Grid Unique Paths

A robot is located at the top-left corner of an A x B grid (marked ‘Start’ in the diagram below).

The robot can only move either down or right at any point in time. The robot is trying to reach the bottom-right corner of the grid (marked ‘Finish’ in the diagram below).

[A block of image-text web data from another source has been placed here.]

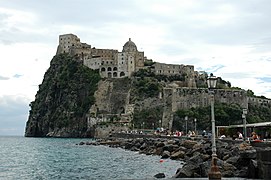 Ischia Ponte, Castello Aragonese, avant que Marge quitte le bateau.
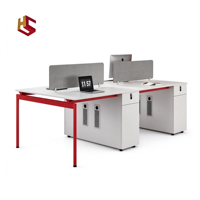 Nouveau bureau moderne en open space avec postes de travail en îlots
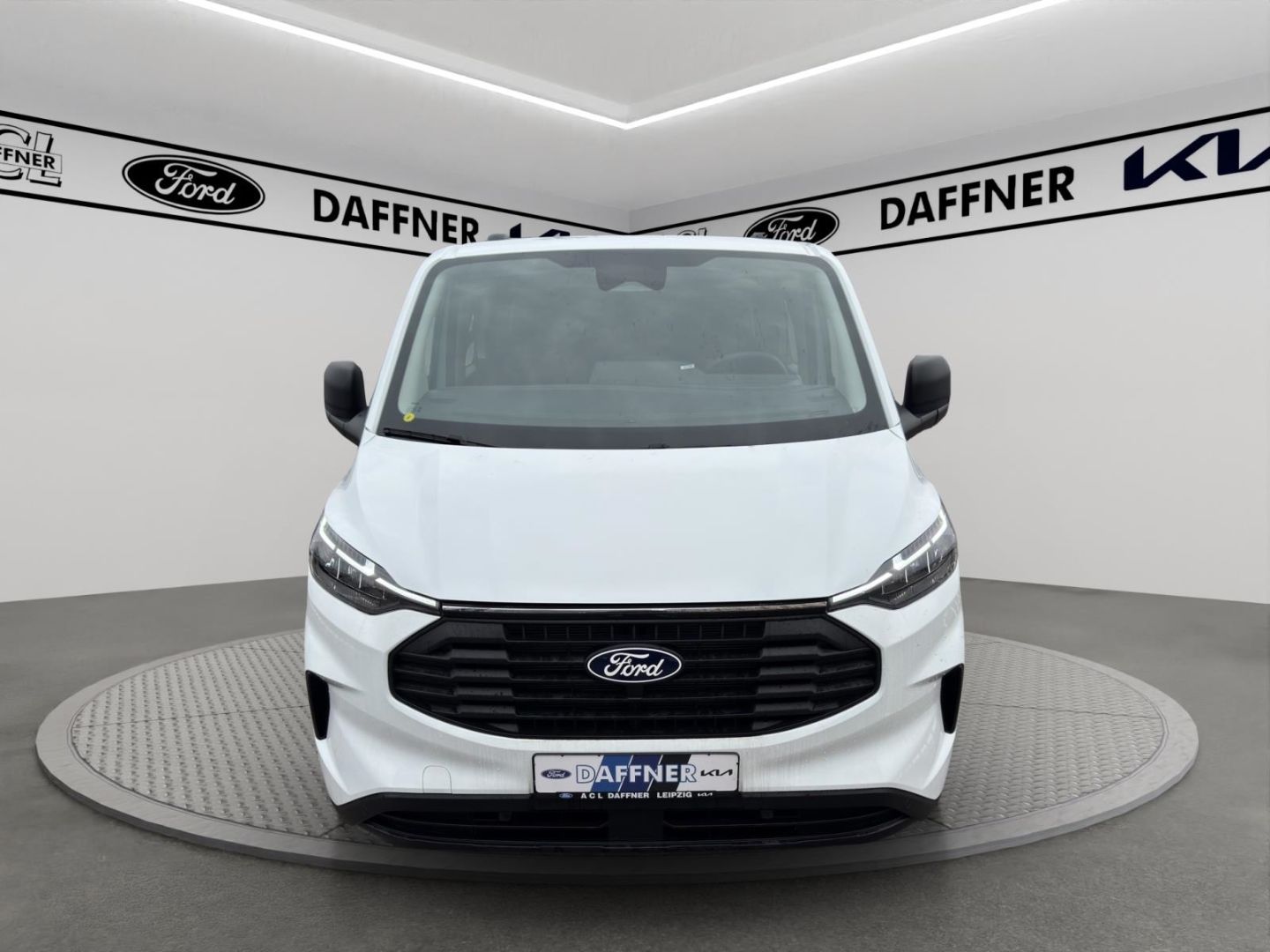 Fahrzeugabbildung Ford Transit Custom Kasten 320 L2 Trend LED, 6 Sitze,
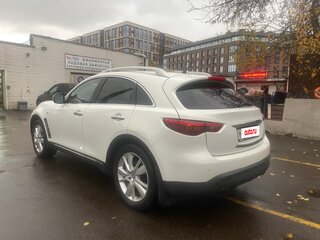 2012 Infiniti FX30d II (S51) Рестайлинг, белый, 1350000 рублей, вид 3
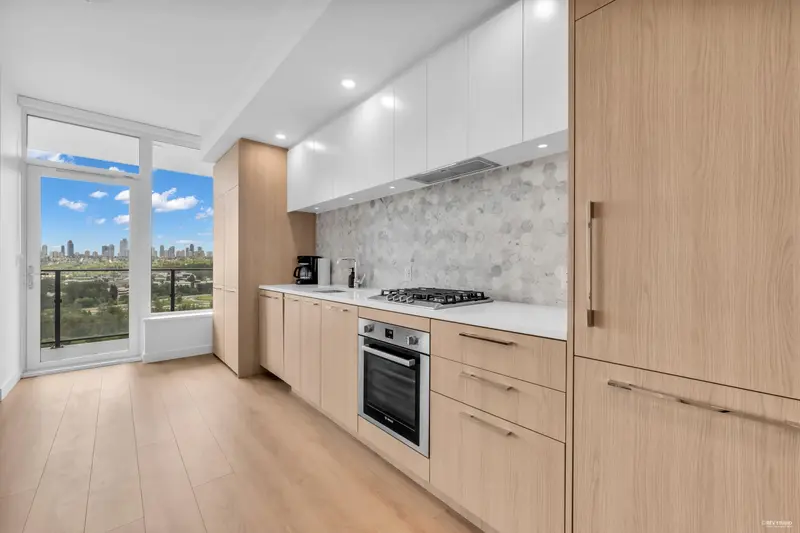 1803 2425 ALPHA AVENUE - photo 2 of 25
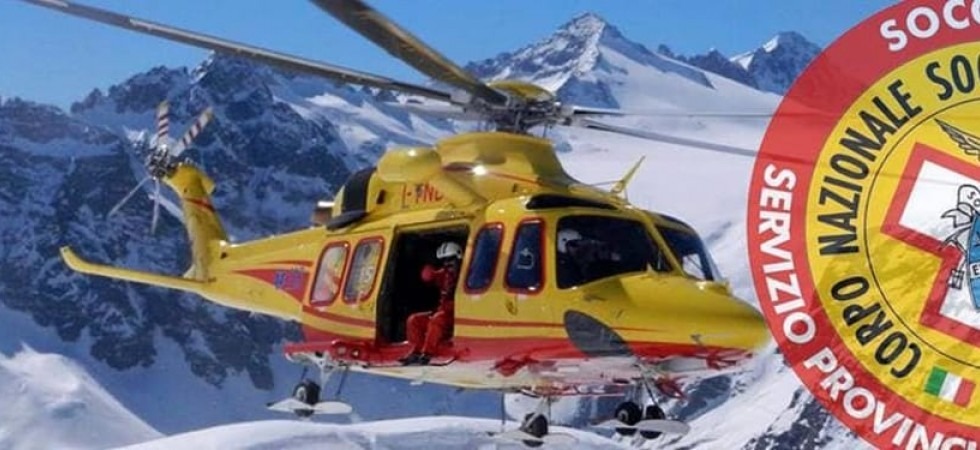 Uno si fa male al ginocchio e l'altro si rompe la gamba, doppio intervento tra 2.300 e 2.700 metri per il Soccorso alpino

How many possible unique paths are there?

Input : A = 2, B = 2
Output : 2

2 possible routes : (0, 0) -> (0, 1) -> (1, 1) 
              OR  : (0, 0) -> (1, 0) -> (1, 1)

思路:

DP, dp[i][0] = dp[0][j] = 1
dp[i][j] = dp[i - 1][j] + dp[i][j - 1]

Solution:

Time: O(A * B)
Space: O(A * B)

public class Solution {
    public int uniquePaths(int A, int B) {
        int[][] dp = new int[A][B];
        for (int i = 0; i < A; i ++) {
            for (int j = 0; j < B; j ++) {
                if (i == 0 || j == 0) {
                    dp[i][j] = 1;
                } else {
                    dp[i][j] = dp[i - 1][j] + dp[i][j - 1];
                }
            }
        }
        return dp[A - 1][B - 1];
    }
}

思路2:

往右要走B - 1步，往下要走A - 1步，总共是A + B - 2步，我们要决定每一步是往下走还是往右走，所以就变成了计算A + B - 2 Choose B -1或者A + B - 2 Choose A - 1，是一样的 

m+n-2 C n-1 = (m+n-2)! / (n-1)! (m-1)!

如果A = 2, B = 3, => 

3! / 1! * 2! = 6 / 2 = 3
                 = 1 * 2 * 3 / 1 * 1 * 2
                 = 2 * 3 / 1 * 2
                 = 2 * 3 / (2 - 1) * (3 - 1) 
                 = 2 / (2 - 1) * 3 / (3 - 1)

Solution:

Time: O(A + B - 1)
Space: O(1)

class Solution {
    public:
        int uniquePaths(int m, int n) {
            // m+n-2 C n-1 = (m+n-2)! / (n-1)! (m-1)! 
            long long ans = 1;
            for (int i = n; i < (m + n - 1); i++) {
                ans *= i;
                ans /= (i - n + 1);
            }
            return (int)ans;
        }
}